Online Learning and Solving Infinite Games with an ERM Oracle

• URL: http://arxiv.org/abs/2307.01689v2
• Date: Mon, 10 Jul 2023 11:16:54 GMT
• Title: Online Learning and Solving Infinite Games with an ERM Oracle
• Authors: Angelos Assos, Idan Attias, Yuval Dagan, Constantinos Daskalakis, Maxwell Fishelson
• Abstract summary: We propose an algorithm for online binary classification setting that relies solely on ERM oracle calls. We show that it has finite regret in the realizable setting and sublinearly growing regret in the agnostic setting. Our algorithms apply to both binary-valued and real-valued games and can be viewed as providing justification for the wide use of double oracle and multiple oracle algorithms in the practice of solving large games.
• Score: 20.1330044382824
• License: http://arxiv.org/licenses/nonexclusive-distrib/1.0/
• Abstract: While ERM suffices to attain near-optimal generalization error in the stochastic learning setting, this is not known to be the case in the online learning setting, where algorithms for general concept classes rely on computationally inefficient oracles such as the Standard Optimal Algorithm (SOA). In this work, we propose an algorithm for online binary classification setting that relies solely on ERM oracle calls, and show that it has finite regret in the realizable setting and sublinearly growing regret in the agnostic setting. We bound the regret in terms of the Littlestone and threshold dimensions of the underlying concept class.
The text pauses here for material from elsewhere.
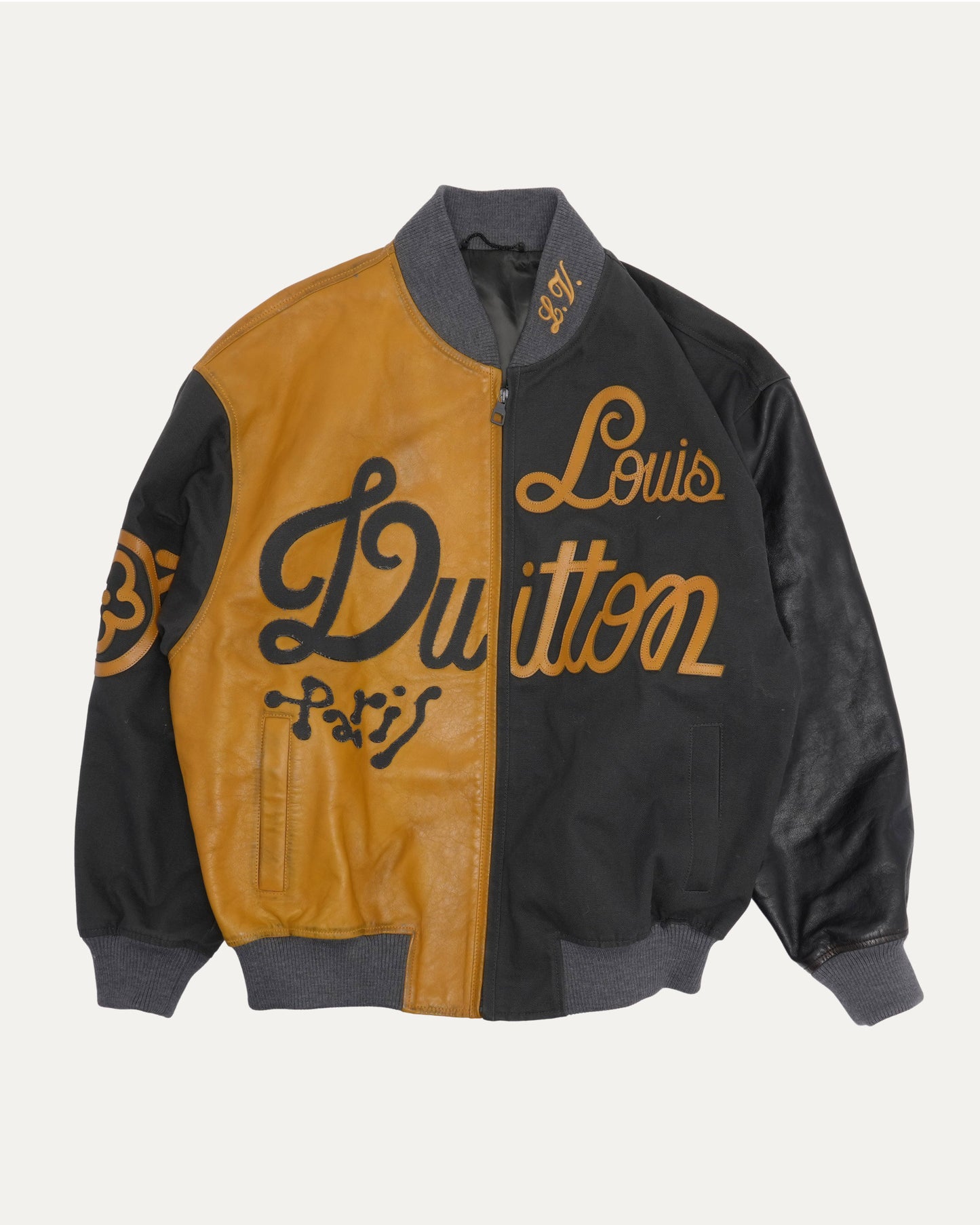 Canvas Leather Bomber Jacket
We obtain similar results for nonparametric games, where the ERM oracle can be interpreted as a best response oracle, finding the best response of a player to a given history of play of the other players. In this setting, we provide learning algorithms that only rely on best response oracles and converge to approximate-minimax equilibria in two-player zero-sum games and approximate coarse correlated equilibria in multi-player general-sum games, as long as the game has a bounded fat-threshold dimension. Our algorithms apply to both binary-valued and real-valued games and can be viewed as providing justification for the wide use of double oracle and multiple oracle algorithms in the practice of solving large games.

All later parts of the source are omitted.